While Sedelmaier of course features samples from projects he has been involved with — including The Ren and Stimpy Show, Beavis and Butt-Head and The Ambiguously Gay Duo superheroes featured on Saturday Night Live — he also is keen on the history of animation. He has amassed a collection that also highlights artifacts from prominent studios such as Disney, Bray and Fleischer.
A charming opening to the exhibition is the display of a flip book. The drawings on individual pages change ever so slightly, but quickly fanning through the pages gives the impression of movement. This is essentially how old-school animation works, with images modified over and over again.
This is a key point to note, as it resonates throughout the viewing of ephemera and behind-the-scenes artifacts on display. This is what makes the exhibition so enjoyable and interesting. Did you know that animators used guides like “Beavis mouth chart” or “Butt-Head close-up for ink & paint”? While the end result flashes by almost instantaneously, hours have gone into the production of each detail.
The technical challenges of animation are daunting — consider the process of imagining characters and stories and then making them come to life in a moving image. The exhibition shows storyboards, rich in detail, which are key to the process.
However, storyboards are not detailed drawings. Rather, they are rapid sketches that give a sense of character and expression. These are augmented with notes on sound effects and dialogue, reminding us that animation is usually not a silent medium.
Very surprising are the machines included in the exhibition.
The Moviola Synch, a spidery piece with film reels and gears, gave production teams an idea of how sound and pictures would appear together in final form.
A vintage ADM-5 Lear Siegler Computer, used in the 1982 film Tron, is now totally obsolete.

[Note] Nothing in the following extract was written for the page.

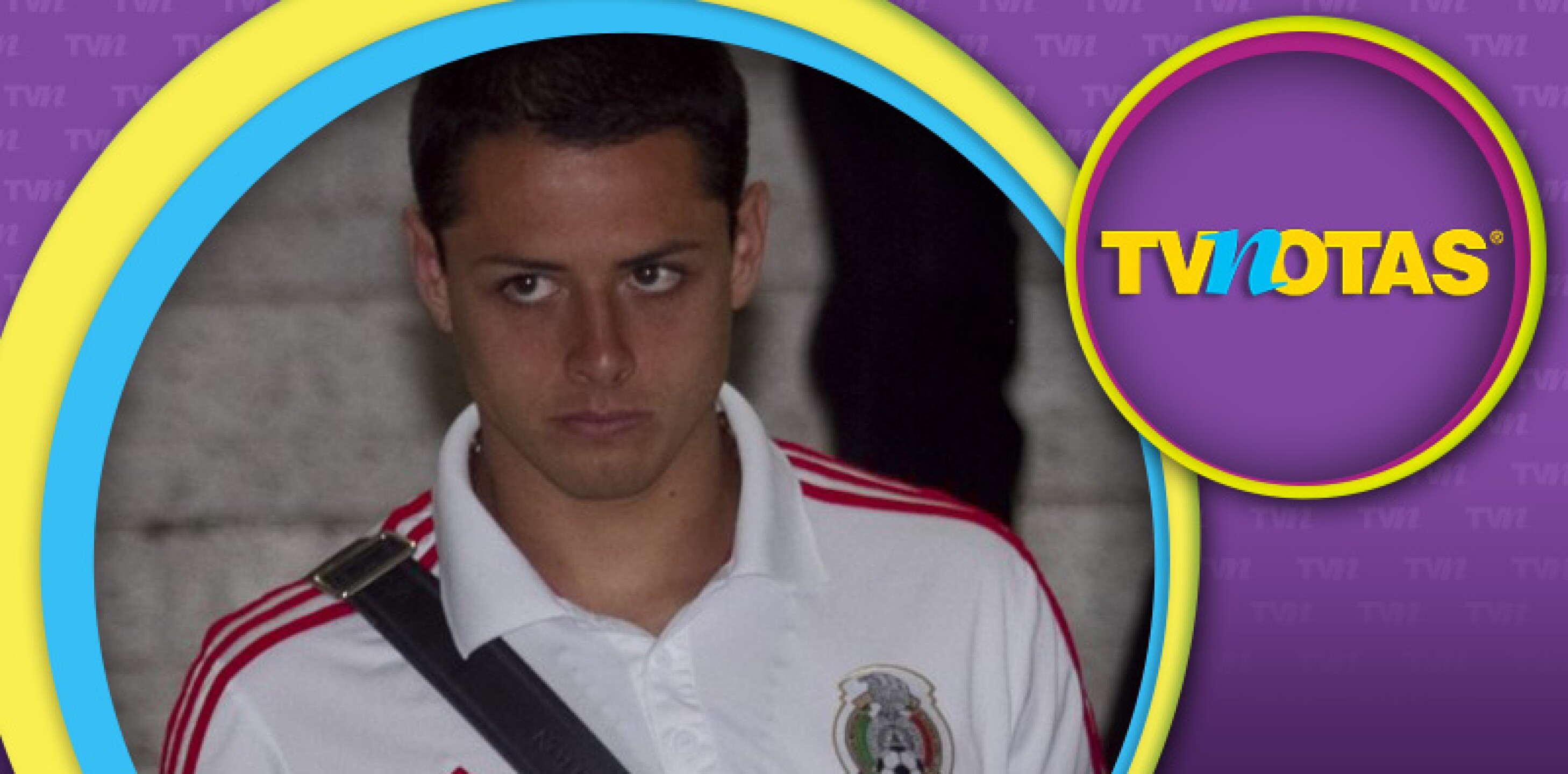 ¿Chicharito ya terminó con Andrea Duro?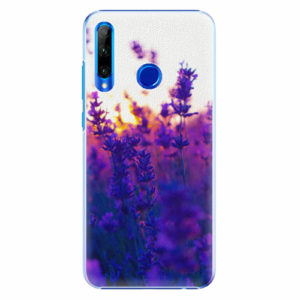 Plastový kryt iSaprio - Lavender Field - Huawei Honor 20 Lite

While it is often noted that the computing power of ubiquitous smart phones surpasses anything from that long ago, such machines are a reminder that the innovation and persistent dedication of creative professionals drives any project, regardless of the technology at their disposal.
In this specialized world, there is a strong sense of camaraderie and history of mutual influence. That becomes clear when viewing the Andre Martin Chart. This is a diagram showing the “Cartoon Family Tree” from 1906 through 1941. The creator, Andre Martin, spoke with many of the individuals represented, and the chart is an homage to predecessors who became teachers and influences.
The exhibition text asks, “Are there any ‘Andre Martins’ out there who could please do the same for the 1941-present day period?” We can only hope that this request is answered affirmatively for this art form.